QUASIMODO

La tierra de Italia guarda las voces de sus antiguos poetas en sus purísimas entrañas. Al pisar el suelo de las campiñas, al cruzar los parques donde el agua centellea, al atravesar las arenas de su pequeño océano azul, me pareció ir pisando diamantinas substancias, cristalería secreta, todo el fulgor que guardaron los siglos. Italia dio forma, sonido, gracia y arrebato a la poesía de Europa; la sacó de su primera forma informe, de su tosquedad vestida con sayal y armadura. La luz de Italia transformó las harapientas vestiduras de los juglares y la ferretería de las canciones de gesta en un río caudaloso de cincelados diamantes.
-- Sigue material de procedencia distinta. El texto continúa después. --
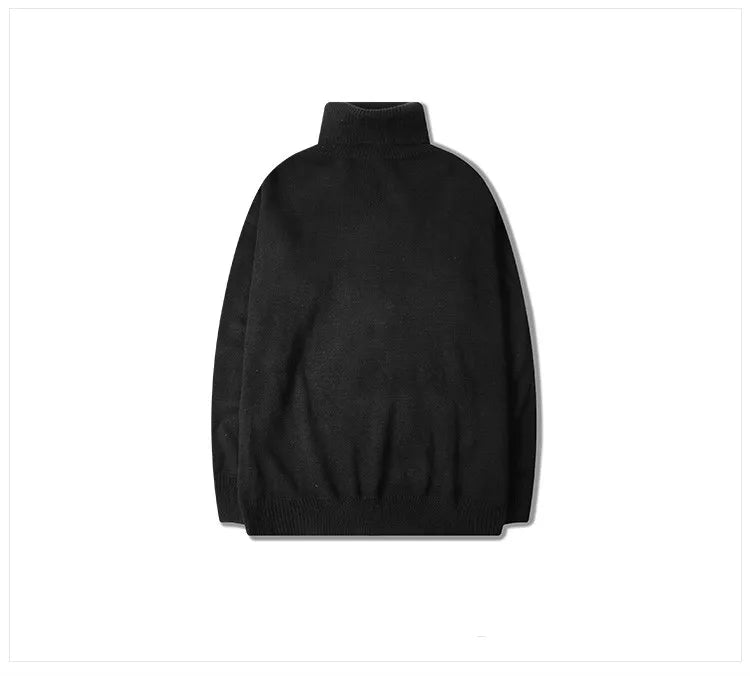 oversized flame jumper with bold print, ideal for photo-ready Y2K streetwear layering, street fashion menswear trend for seas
Para nuestros ojos de poetas recién llegados a la cultura, venidos de países donde las antologías comienzan con los poetas del año 1880, era un asombro ver en las antologías italianas la fecha de 1230 y tantos, o 1310, o 1450, y entre estas fechas los tercetos deslumbrantes, el apasionado atavío, la profundidad y la pedrería de los Alighieri, Cavalcanti, Petrarca, Poliziano. Estos nombres y estos hombres prestaron luz florentina a nuestro dulce y poderoso Garcilaso de la Vega, al benigno Boscán; iluminaron a Góngora y tiñeron con su dardo de sombra la melancolía de Quevedo; moldearon los sonetos de William Shakespeare de Inglaterra y encendieron las esencias de Francia haciendo florecer las rosas de Ronsard y Du Bellay.

Así pues, nacer en las tierras de Italia es difícil empresa para un poeta, empresa estrellada que entraña asumir un firmamento de resplandecientes herencias.

Conozco desde hace años a Salvatore Quasimodo, y puedo decir que su poesía representa una conciencia que a nosotros no parecía fantasmagórica por su pesado y ardiente cargamento. Quasimodo es un europeo que dispone a ciencia cierta del conocimiento, del equilibrio y de todas las armas de la inteligencia. Sin embargo, su posición de italiano central, de protagonista actual de un intermitente pero inagotable clasicismo, no lo ha convertido en un guerrero preso dentro de su fortaleza. Quasimodo es un hombre universal por excelencia, que no divide el mundo belicosamente en Occidente y Oriente, sino que considera como absoluto deber contemporáneo borrar las fronteras de la cultura y establecer como dones invisibles la poesía, la verdad, la libertad, la paz y la alegría.

En Quasimodo se unen los colores y los sonidos de un mundo melancólicamente sereno. Su tristeza no significa la derrotada inseguridad de Leopardi, sino el recogimiento germinal de la tierra en la tarde; esa unción que adquiere la tarde cuando los perfumes, las voces, los colores y las campanas protegen el trabajo de las más profundas semillas. Amo el lenguaje recogido de este gran poeta, su clasicismo y su romanticismo y sobre todo admiro en él su propia impregnación en la continuidad de la belleza, así como su poder de transformarlo todo en un lenguaje de verdadera y conmovedora poesía.

Por encima del mar y de la distancia levanto una fragante corona hecha con hojas de la Araucanía y la dejo volando en el aire para que se la lleve el viento y la vida y la dejen sobre la frente de Salvatore Quasimodo. No es la corona apolínea de laurel que tantas veces vimos en los retratos de Francesco Petrarca. Es una corona de nuestros bosques inexplorados, de hojas que no tienen nombre todavía, empapadas por el rocío de auroras australes.